- _EXERCISE DETAILS_:
Reproduce exactly, from the data that follows, the line with "St Maurice Coptic", the line with "Position Exchange Times", and every line that lies between them.

- _GIVEN DATA_:
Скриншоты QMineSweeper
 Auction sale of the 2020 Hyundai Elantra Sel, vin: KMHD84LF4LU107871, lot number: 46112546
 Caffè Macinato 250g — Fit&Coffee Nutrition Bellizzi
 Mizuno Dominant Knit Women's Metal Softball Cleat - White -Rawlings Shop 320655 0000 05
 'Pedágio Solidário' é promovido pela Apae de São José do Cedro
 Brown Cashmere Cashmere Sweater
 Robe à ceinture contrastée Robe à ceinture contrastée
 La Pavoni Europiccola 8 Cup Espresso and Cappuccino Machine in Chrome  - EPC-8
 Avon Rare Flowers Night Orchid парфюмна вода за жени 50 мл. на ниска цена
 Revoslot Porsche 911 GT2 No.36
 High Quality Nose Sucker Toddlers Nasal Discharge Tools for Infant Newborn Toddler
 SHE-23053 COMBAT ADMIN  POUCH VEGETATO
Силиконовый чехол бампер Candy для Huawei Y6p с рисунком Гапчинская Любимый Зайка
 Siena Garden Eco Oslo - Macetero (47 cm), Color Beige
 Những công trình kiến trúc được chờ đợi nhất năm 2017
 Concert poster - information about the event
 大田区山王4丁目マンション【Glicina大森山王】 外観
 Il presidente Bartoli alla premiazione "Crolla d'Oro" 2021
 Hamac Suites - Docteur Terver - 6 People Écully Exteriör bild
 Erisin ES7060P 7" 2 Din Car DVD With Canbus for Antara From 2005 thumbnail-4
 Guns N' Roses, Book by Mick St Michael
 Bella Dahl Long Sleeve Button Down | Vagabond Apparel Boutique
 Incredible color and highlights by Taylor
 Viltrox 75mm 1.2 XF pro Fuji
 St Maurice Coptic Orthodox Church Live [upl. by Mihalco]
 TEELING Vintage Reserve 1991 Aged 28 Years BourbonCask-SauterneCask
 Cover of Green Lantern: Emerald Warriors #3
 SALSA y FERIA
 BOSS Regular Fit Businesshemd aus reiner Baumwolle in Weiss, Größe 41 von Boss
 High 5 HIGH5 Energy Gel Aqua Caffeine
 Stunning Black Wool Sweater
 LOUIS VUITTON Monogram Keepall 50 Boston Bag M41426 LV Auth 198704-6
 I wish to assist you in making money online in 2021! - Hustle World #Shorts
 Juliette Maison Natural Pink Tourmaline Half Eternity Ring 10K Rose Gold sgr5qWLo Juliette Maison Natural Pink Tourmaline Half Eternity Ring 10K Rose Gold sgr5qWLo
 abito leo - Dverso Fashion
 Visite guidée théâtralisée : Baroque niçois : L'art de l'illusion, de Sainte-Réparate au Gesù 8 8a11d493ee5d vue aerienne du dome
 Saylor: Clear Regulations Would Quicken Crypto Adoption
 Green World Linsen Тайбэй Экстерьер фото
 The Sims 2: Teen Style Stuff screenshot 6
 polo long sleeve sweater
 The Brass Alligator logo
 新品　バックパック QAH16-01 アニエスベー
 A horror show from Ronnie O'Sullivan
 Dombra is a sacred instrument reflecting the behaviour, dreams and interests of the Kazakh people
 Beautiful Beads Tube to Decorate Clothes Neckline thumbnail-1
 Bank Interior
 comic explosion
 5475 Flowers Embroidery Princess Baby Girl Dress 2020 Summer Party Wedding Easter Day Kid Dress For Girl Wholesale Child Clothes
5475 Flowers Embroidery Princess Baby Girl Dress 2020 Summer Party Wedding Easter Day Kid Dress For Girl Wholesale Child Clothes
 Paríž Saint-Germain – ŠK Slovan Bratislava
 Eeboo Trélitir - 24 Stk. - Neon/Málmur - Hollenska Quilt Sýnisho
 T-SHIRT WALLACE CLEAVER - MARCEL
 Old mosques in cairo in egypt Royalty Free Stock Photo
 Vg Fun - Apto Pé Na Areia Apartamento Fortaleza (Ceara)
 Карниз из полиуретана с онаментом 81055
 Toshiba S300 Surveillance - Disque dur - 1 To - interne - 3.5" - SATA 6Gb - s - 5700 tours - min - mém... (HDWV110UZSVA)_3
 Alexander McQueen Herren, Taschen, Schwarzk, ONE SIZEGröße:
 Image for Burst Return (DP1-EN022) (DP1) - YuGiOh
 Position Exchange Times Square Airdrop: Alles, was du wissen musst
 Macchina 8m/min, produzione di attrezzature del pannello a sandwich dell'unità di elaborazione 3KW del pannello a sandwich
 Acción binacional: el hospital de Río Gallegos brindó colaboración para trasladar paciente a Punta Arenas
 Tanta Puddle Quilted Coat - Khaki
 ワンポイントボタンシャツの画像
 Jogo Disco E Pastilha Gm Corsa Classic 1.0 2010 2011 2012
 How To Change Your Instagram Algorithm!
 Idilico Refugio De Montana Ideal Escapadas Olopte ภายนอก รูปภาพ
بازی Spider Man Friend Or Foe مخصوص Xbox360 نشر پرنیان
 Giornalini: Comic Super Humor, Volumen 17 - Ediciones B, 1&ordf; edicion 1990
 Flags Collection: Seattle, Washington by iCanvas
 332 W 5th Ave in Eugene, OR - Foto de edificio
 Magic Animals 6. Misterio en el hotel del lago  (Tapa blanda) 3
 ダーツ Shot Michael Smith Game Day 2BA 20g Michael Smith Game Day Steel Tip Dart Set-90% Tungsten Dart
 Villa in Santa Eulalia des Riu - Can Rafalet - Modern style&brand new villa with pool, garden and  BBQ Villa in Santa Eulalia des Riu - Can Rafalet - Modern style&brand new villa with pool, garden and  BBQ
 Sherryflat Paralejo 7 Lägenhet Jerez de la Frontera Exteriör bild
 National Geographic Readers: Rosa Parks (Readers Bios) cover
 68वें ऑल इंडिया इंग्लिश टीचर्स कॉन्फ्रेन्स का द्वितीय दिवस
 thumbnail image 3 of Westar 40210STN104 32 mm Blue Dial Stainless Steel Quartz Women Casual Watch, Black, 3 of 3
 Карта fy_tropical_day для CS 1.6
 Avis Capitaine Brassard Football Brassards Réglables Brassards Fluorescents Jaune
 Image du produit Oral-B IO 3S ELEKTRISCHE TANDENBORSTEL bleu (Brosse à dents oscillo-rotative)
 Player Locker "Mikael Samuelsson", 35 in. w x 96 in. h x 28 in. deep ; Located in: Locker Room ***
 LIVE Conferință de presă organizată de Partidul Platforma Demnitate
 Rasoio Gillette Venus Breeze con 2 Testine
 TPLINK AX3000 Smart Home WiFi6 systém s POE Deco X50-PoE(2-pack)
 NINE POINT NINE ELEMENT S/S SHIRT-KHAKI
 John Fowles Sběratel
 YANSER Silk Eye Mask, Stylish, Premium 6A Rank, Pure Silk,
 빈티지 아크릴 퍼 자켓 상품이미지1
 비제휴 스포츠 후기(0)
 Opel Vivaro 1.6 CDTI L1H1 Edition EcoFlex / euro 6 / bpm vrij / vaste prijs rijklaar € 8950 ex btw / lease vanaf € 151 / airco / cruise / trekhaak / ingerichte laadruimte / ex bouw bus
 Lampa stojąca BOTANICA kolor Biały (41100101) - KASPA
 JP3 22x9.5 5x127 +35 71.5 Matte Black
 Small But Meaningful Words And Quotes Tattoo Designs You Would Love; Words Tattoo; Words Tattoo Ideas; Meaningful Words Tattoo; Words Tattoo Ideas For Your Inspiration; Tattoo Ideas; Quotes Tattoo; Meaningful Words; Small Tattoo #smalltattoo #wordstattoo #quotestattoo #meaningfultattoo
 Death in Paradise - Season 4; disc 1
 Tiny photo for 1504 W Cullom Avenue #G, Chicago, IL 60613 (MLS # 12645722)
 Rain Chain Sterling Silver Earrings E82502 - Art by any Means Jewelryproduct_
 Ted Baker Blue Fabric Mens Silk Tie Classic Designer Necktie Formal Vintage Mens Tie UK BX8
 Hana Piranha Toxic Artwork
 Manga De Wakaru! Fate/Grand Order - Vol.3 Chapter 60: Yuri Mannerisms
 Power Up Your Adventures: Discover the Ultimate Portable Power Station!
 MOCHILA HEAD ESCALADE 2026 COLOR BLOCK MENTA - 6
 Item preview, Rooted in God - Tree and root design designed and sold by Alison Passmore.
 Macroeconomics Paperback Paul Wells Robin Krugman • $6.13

- _ANSWER SPACE_:
 St Maurice Coptic Orthodox Church Live [upl. by Mihalco]
 TEELING Vintage Reserve 1991 Aged 28 Years BourbonCask-SauterneCask
 Cover of Green Lantern: Emerald Warriors #3
 SALSA y FERIA
 BOSS Regular Fit Businesshemd aus reiner Baumwolle in Weiss, Größe 41 von Boss
 High 5 HIGH5 Energy Gel Aqua Caffeine
 Stunning Black Wool Sweater
 LOUIS VUITTON Monogram Keepall 50 Boston Bag M41426 LV Auth 198704-6
 I wish to assist you in making money online in 2021! - Hustle World #Shorts
 Juliette Maison Natural Pink Tourmaline Half Eternity Ring 10K Rose Gold sgr5qWLo Juliette Maison Natural Pink Tourmaline Half Eternity Ring 10K Rose Gold sgr5qWLo
 abito leo - Dverso Fashion
 Visite guidée théâtralisée : Baroque niçois : L'art de l'illusion, de Sainte-Réparate au Gesù 8 8a11d493ee5d vue aerienne du dome
 Saylor: Clear Regulations Would Quicken Crypto Adoption
 Green World Linsen Тайбэй Экстерьер фото
 The Sims 2: Teen Style Stuff screenshot 6
 polo long sleeve sweater
 The Brass Alligator logo
 新品　バックパック QAH16-01 アニエスベー
 A horror show from Ronnie O'Sullivan
 Dombra is a sacred instrument reflecting the behaviour, dreams and interests of the Kazakh people
 Beautiful Beads Tube to Decorate Clothes Neckline thumbnail-1
 Bank Interior
 comic explosion
 5475 Flowers Embroidery Princess Baby Girl Dress 2020 Summer Party Wedding Easter Day Kid Dress For Girl Wholesale Child Clothes
5475 Flowers Embroidery Princess Baby Girl Dress 2020 Summer Party Wedding Easter Day Kid Dress For Girl Wholesale Child Clothes
 Paríž Saint-Germain – ŠK Slovan Bratislava
 Eeboo Trélitir - 24 Stk. - Neon/Málmur - Hollenska Quilt Sýnisho
 T-SHIRT WALLACE CLEAVER - MARCEL
 Old mosques in cairo in egypt Royalty Free Stock Photo
 Vg Fun - Apto Pé Na Areia Apartamento Fortaleza (Ceara)
 Карниз из полиуретана с онаментом 81055
 Toshiba S300 Surveillance - Disque dur - 1 To - interne - 3.5" - SATA 6Gb - s - 5700 tours - min - mém... (HDWV110UZSVA)_3
 Alexander McQueen Herren, Taschen, Schwarzk, ONE SIZEGröße:
 Image for Burst Return (DP1-EN022) (DP1) - YuGiOh
 Position Exchange Times Square Airdrop: Alles, was du wissen musst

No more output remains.